EXERCISE BRIEF:
All the data below goes into the copy word for word, but the pictures don't.

SUPPLIED INFORMATION:
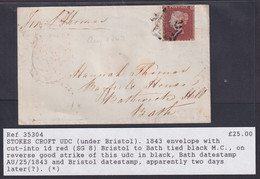 Victoria 1p Imperf (SG 8) Tied By Maltese From Stokes Croft, Bristol To Bath - Covers & Documents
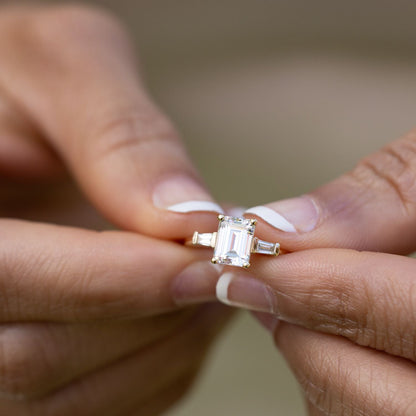 Marquise Shaped Three Stone Lab Grown Diamond Engagement Ring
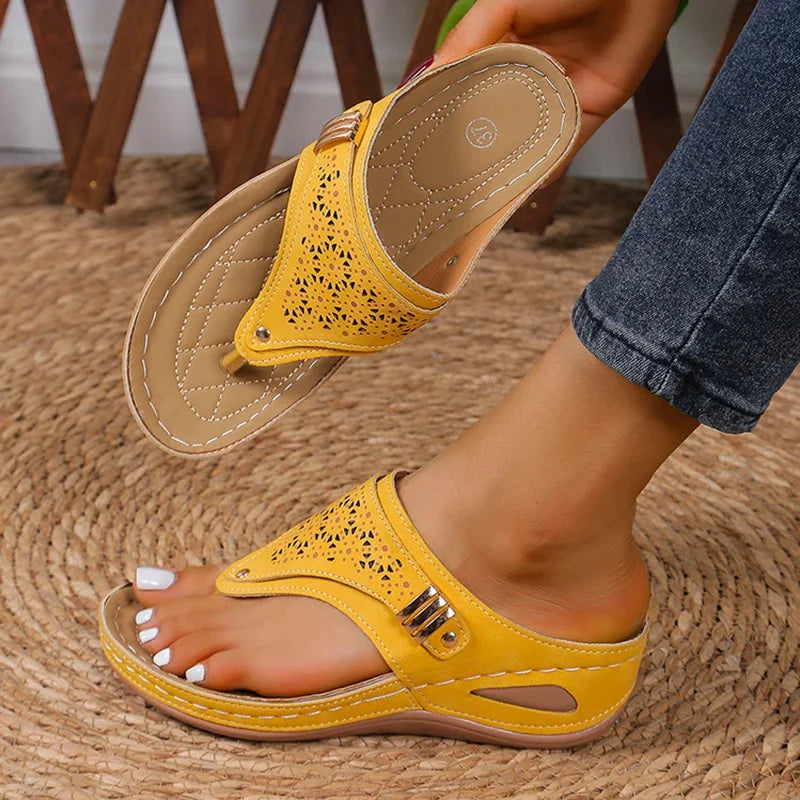 Chanclas de Mujer | Suela Gruesa y Cuña | Estilo Vintage | Ligeras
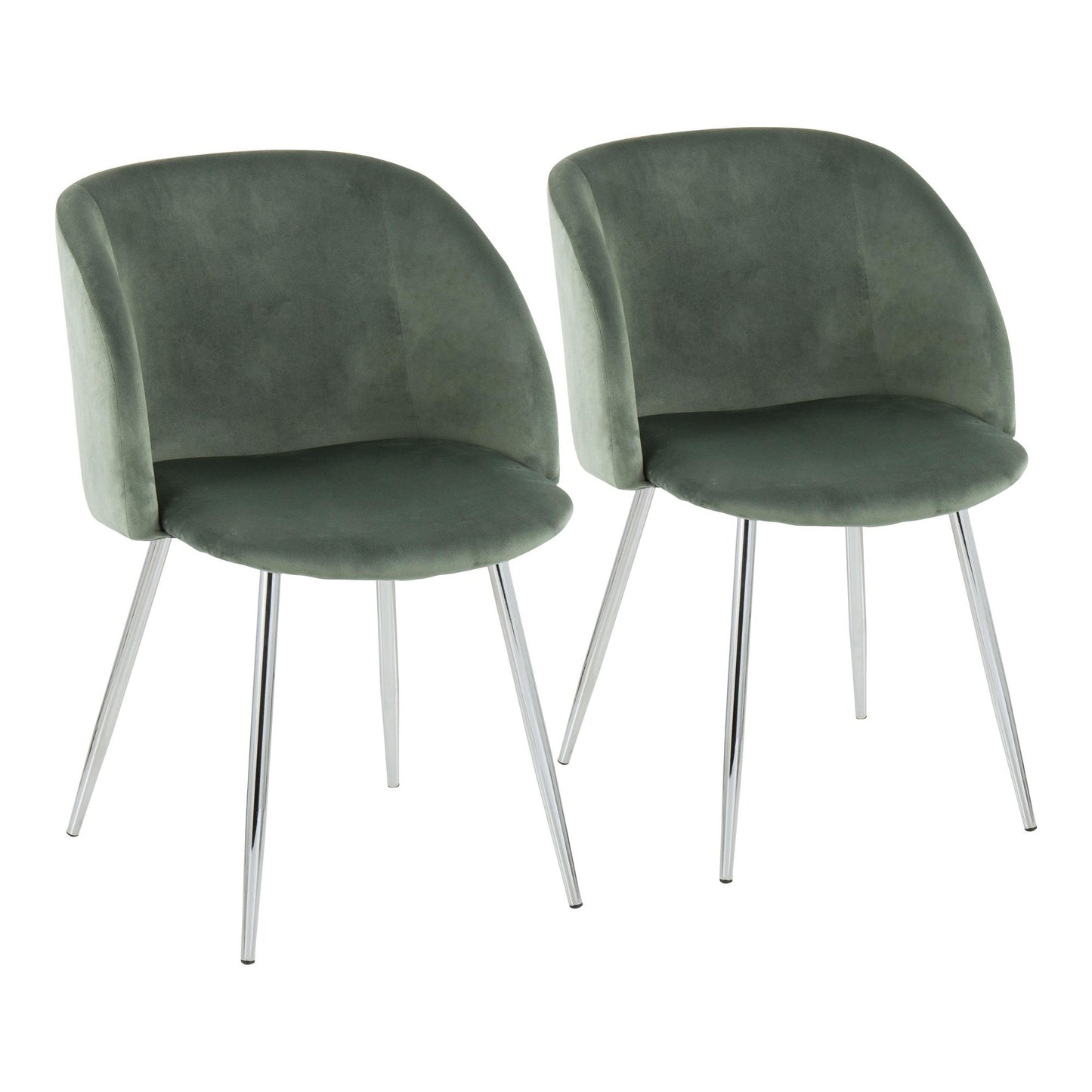 Fran Contemporary Chair in Gold Metal and Black Velvet   - Set of 2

REPLY:
 Victoria 1p Imperf (SG 8) Tied By Maltese From Stokes Croft, Bristol To Bath - Covers & Documents
 Marquise Shaped Three Stone Lab Grown Diamond Engagement Ring
 Chanclas de Mujer | Suela Gruesa y Cuña | Estilo Vintage | Ligeras
 Fran Contemporary Chair in Gold Metal and Black Velvet   - Set of 2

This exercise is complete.